Privately owned foreign slaves, as members of the household, may partake if they are circumcised in accordance with Gen. 17.12–13 .

45 :

Bound or hired laborer: This phrase (lit. “resident and hireling”) is better taken as a hendiadys meaning “resident hireling” (as in Lev. 22.10; 25.6, 40 ), a long‐term hired hand who lives on his employer's property. He is not integrated into his employer's household. If a foreigner, he is ineligible for the pesaḥ; if an Israelite, the verse seems to imply that he should partake of his own family's pesaḥ sacrifice, not that of his employer.

46 :

All those sharing the same lamb were to eat it together and to remain indoors. See vv. 4, 7, 22–23 . Break a bone of it, to eat the marrow.

47 :

Offering the pesaḥ sacrifice is incumbent on all Israelites, like the obligation to eat nothing leavened during the festival (vv. 15, 19; cf. Num. 9.11 ).

48–49 :

Resident aliens, though they must abstain from leaven (v. 19 ), are not obligated to offer a pesaḥ sacrifice but may do so voluntarily. They must first undergo circumcision. Then they may make the offering and become “as a citizen of the country,” at least for purposes of this offering. This is not a full religious conversion—the stranger's motivation is to make a pesaḥ offering, not to become an Israelite—but since circumcision is a sign of the covenant, and the sacrifice celebrates the exodus, he must first become a quasi‐Israelite in order to identify with Israel's defining national experience. If so, this ceremony is unique in the Bible; there is no other reference to a formal procedure for converting foreigners to Israelites, even quasi‐Israelites. Foreigners normally became Israelites only by marriage or the informal, generations‐long process of ethnic assimilation that resulted from living in the land.
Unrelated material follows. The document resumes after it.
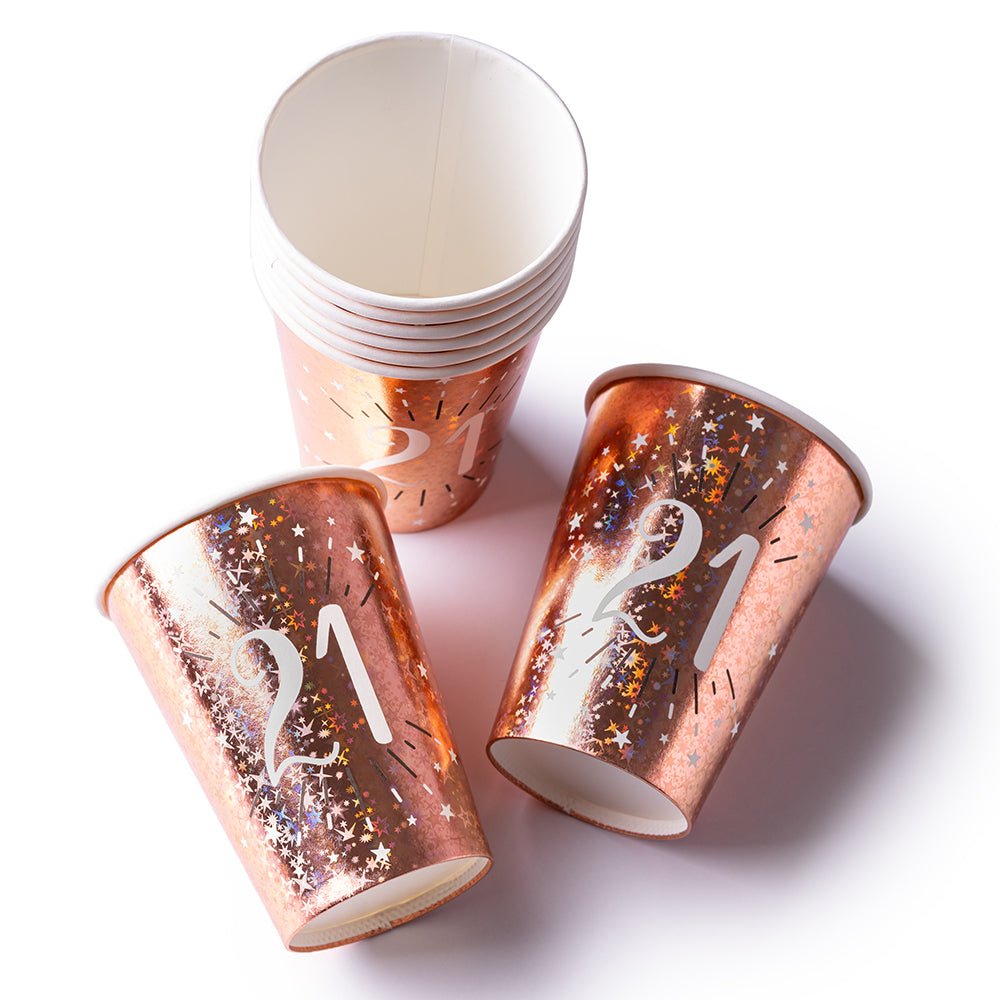 21st Birthday Rose Gold Paper Cups (x10) - 图片 2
By the rabbinic period, a procedure for religious conversion, including circumcision of males, was created and the Heb word for stranger, “ger,” acquired the meaning “proselyte.” Since the idea of strangers joining Israel is explicitly mentioned in exilic or postexlic passages (Isa. 14.1; 56.3–8; Ezek. 47.22–23 ), it is possible that the present passage is also from that period.

49 :

One law for the citizen and for the stranger, see also Lev. 24.22; Num. 9.14; 15.14–16, 29 . In each of these instances strangers and Israelites follow the same specific procedure (cf. Lev. 7.7 ); it is not a general rule covering all cases. In later halakhic exegesis, when “ger” (“stranger”) is understood as “proselyte,” this v. is understood as prescribing equality between proselytes and born Jews with respect to all the laws of the Torah (Mek. Pisḥa 14, end).

51 :

This v. recapitulates v. 40 , indicating that the digression in vv. 43–49 is concluded and the narrative resumes.